PROBLEM DESCRIPTION: Copy out the data word for word, without any of its pictures.

SUPPLIED MATERIAL:
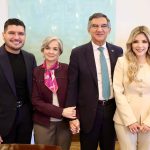 Acompaña alcalde Alberto Granados al gobernador Américo Villarreal en la tradicional Posada Navideña en Ciudad Victoria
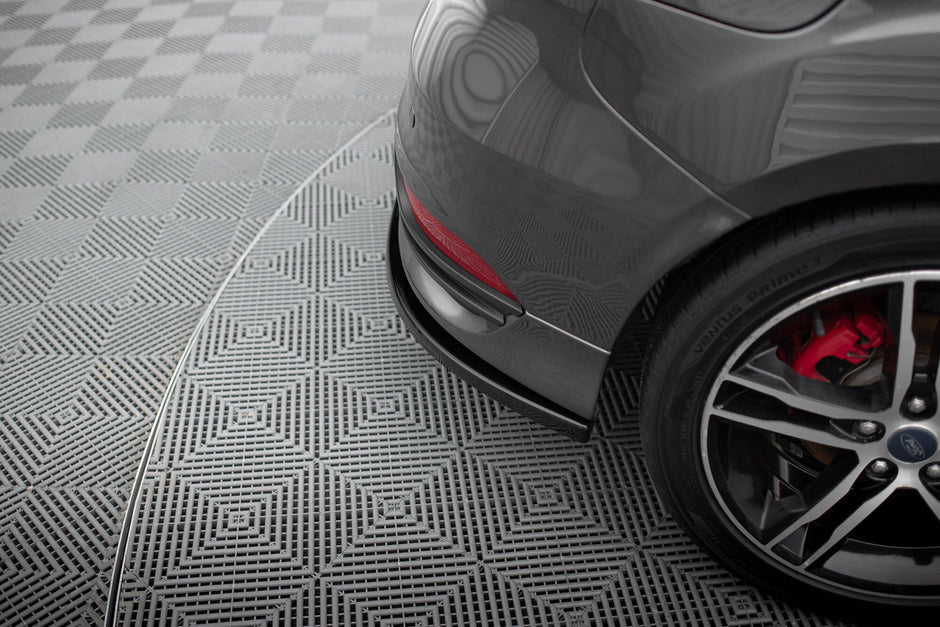 Bakre Sidosplitters V.2 för Ford Focus ST Mk3 Facelift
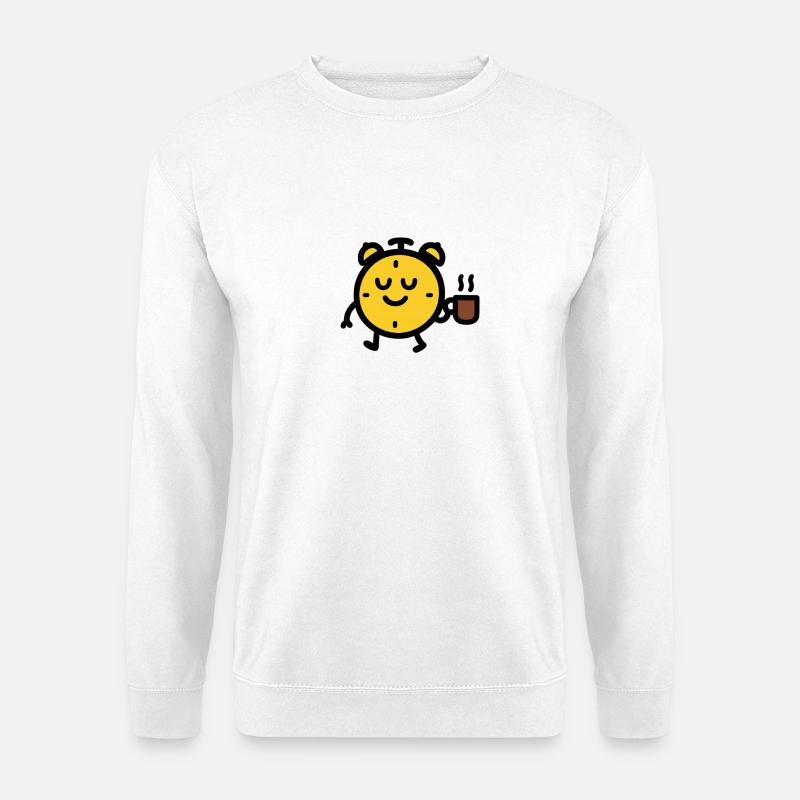 Coffee Time - Unisex Sweatshirt - white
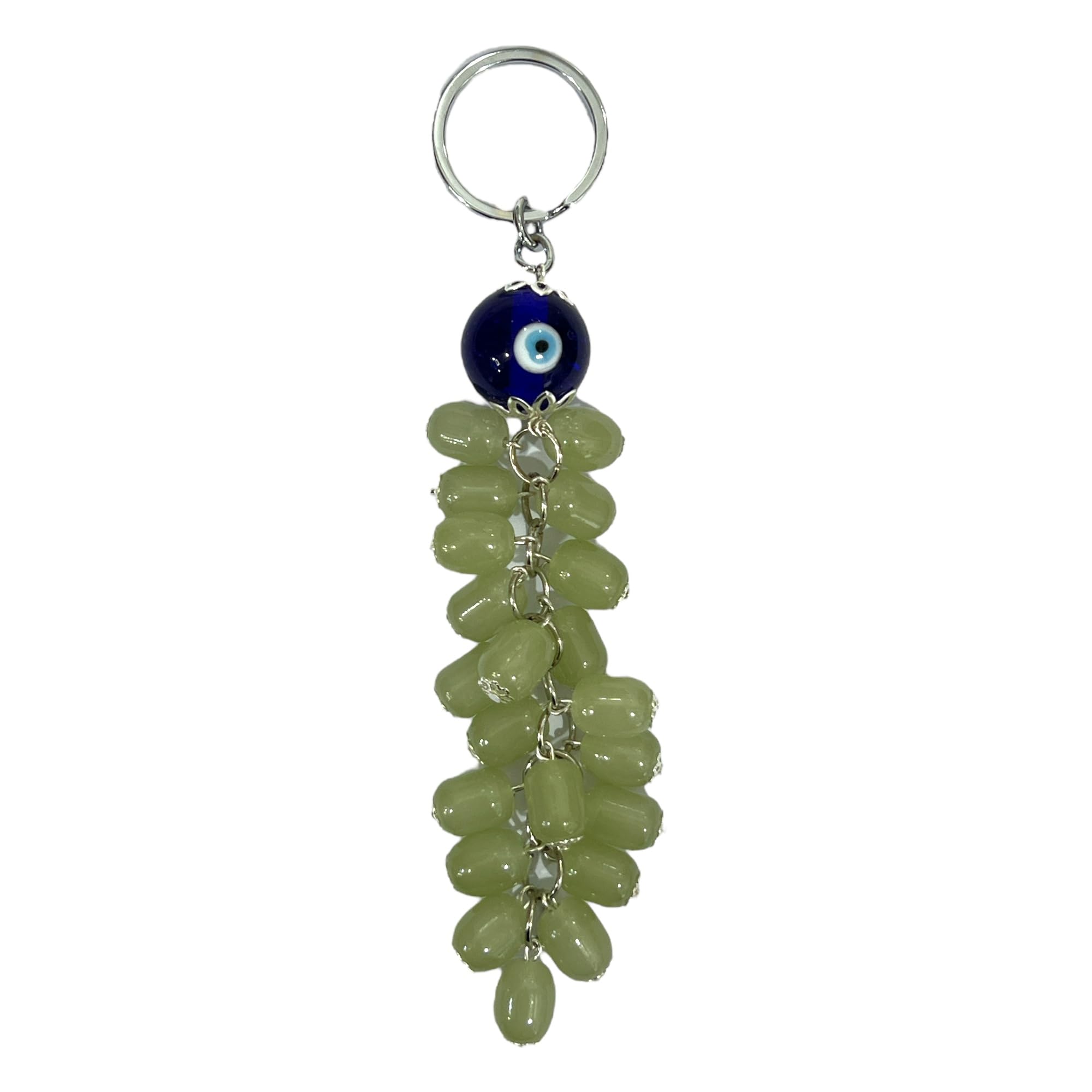 Evil Eye Keychain - Stainless Steel Gift -18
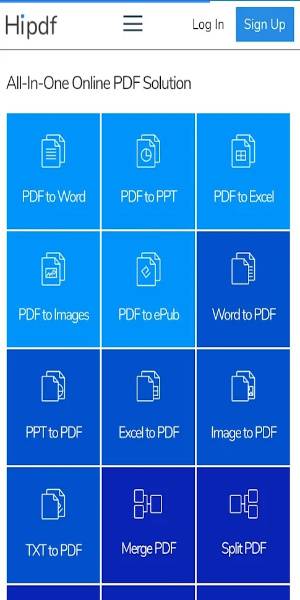 Hipdf 스크린샷 0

RESULT OF THIS EXERCISE:
 Acompaña alcalde Alberto Granados al gobernador Américo Villarreal en la tradicional Posada Navideña en Ciudad Victoria
 Bakre Sidosplitters V.2 för Ford Focus ST Mk3 Facelift
 Coffee Time - Unisex Sweatshirt - white
 Evil Eye Keychain - Stainless Steel Gift -18
 Hipdf 스크린샷 0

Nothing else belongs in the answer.